Isabel Wilkerson, Caste: The Origins of Our Discontents (New York: Random House. 2020), 476pp.
It's been ten years since Isabel Wilkerson published her award-winning book The Warmth of Other Suns (2010) about America's "Great Migration." Between 1915 and 1970 six million blacks migrated from the south to the American north and west. When the migration began, about 90% of blacks lived in the south; sixty years later only 50% of them did. The black population in Chicago swelled from 44,000 to over a million. Detroit's skyrocketed from 1.4 percent to 44 percent.
Wilkerson humanized this history by telling the stories of three individual migrants who represent the three main paths that blacks took out of the south — up the Atlantic seaboard to the northeast, up the spine of the country to the cities of the midwest, and then west mainly to California.

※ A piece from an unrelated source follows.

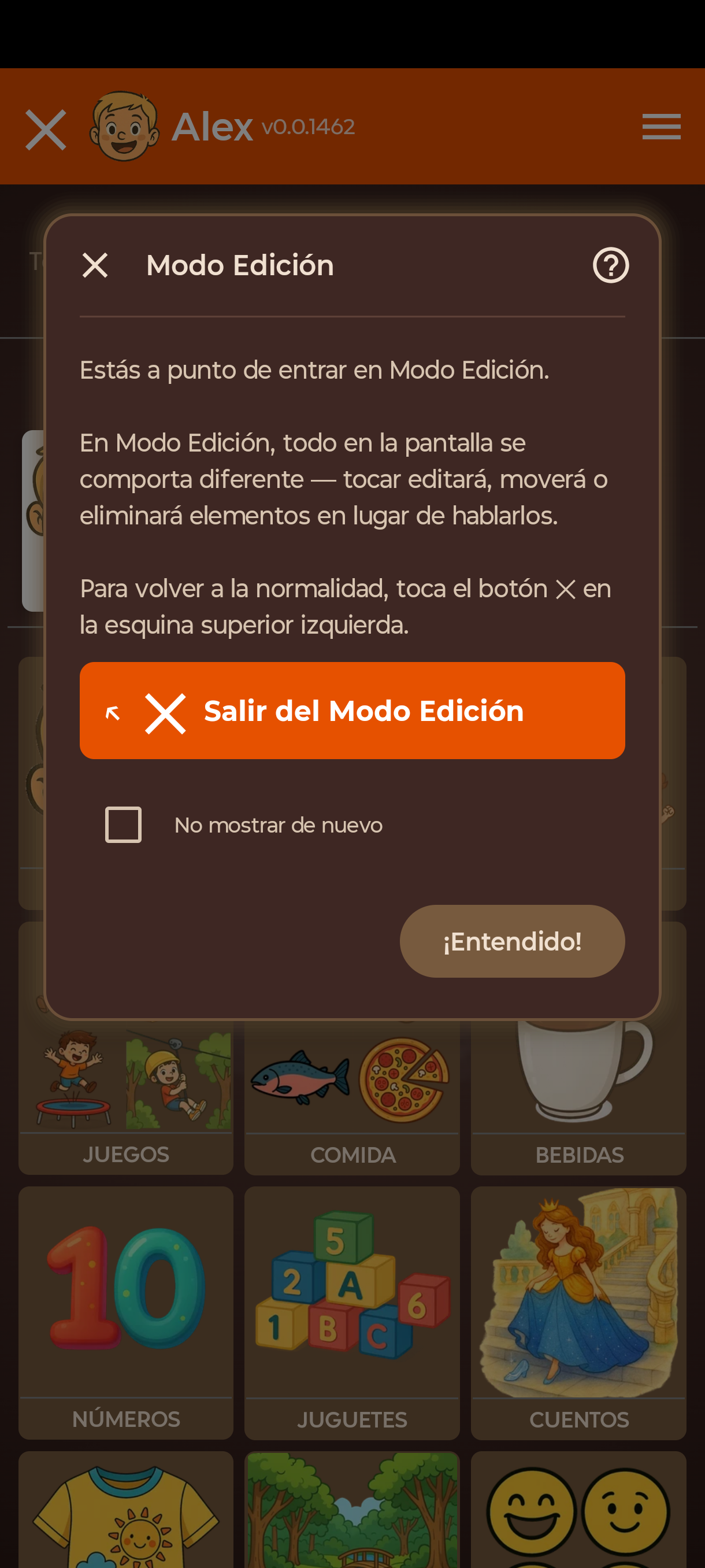 Aviso al entrar en Modo Edición, con la casilla No mostrar de nuevo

These people were fleeing what Wilkerson called in Warmth a "feudal caste system." At the beginning of her new book Caste, she recalls her epiphany upon realizing that in Warmth she was actually "not writing about geography and relocation, but about the American caste system." The jarring notion of caste now receives her book-length treatment, which the NY Times called "an instant classic" even before it was released.
Throughout human history, says Wilkerson, there have been "three caste systems that have stood out" —Nazi Germany, India, and the United States, where "race is the primary tool and the visible decoy, the front man, for caste." Our American caste system began with the first slaves from Africa who were brought here in 1619, which means that slavery and its dreadful consequences have been with us for 246 years, whereas it's been only 155 years since its putative end with the Civil War in 1865. So, the caste system hasn't been an exception, an aberration, or a passing "chapter" of American history, it has been the socio-economic foundation upon which the country has been built.
Wilkerson admits that readers might be surprised with her comparisons to Nazi Germany and India, and that the notion of caste is not a term we usually apply to America. She's careful to draw both comparisons and contrasts, and also notes the interplay of race, class, and caste. Nonetheless, she identifies "eight pillars of caste" that are "disturbingly present" in all three countries. In contemporary parlance, our 246 years of slavery were nothing less than a carefully crafted and comprehensive system of state sponsored terror and torture "that the Geneva Conventions would have banned as war crimes." The Nazis, in fact, carefully studied American racism when it crafted its own caste system. And if you follow Wilkerson's footnotes, you learn that there is a substantial literature that compares the Indian and American caste systems.
In her epilogue, Wilkerson deflects criticisms that she has not offered any solutions. "The goal of this work has not been to resolve all of the problems of a millennia-old phenomenon, but to caste a light onto its history, its consequences, and its presence in our everyday lives and to express hopes for its resolution." Such hopes begin with a "radical empathy" that is based upon education and awareness (380, 386), and that insists upon the common humanity of all people.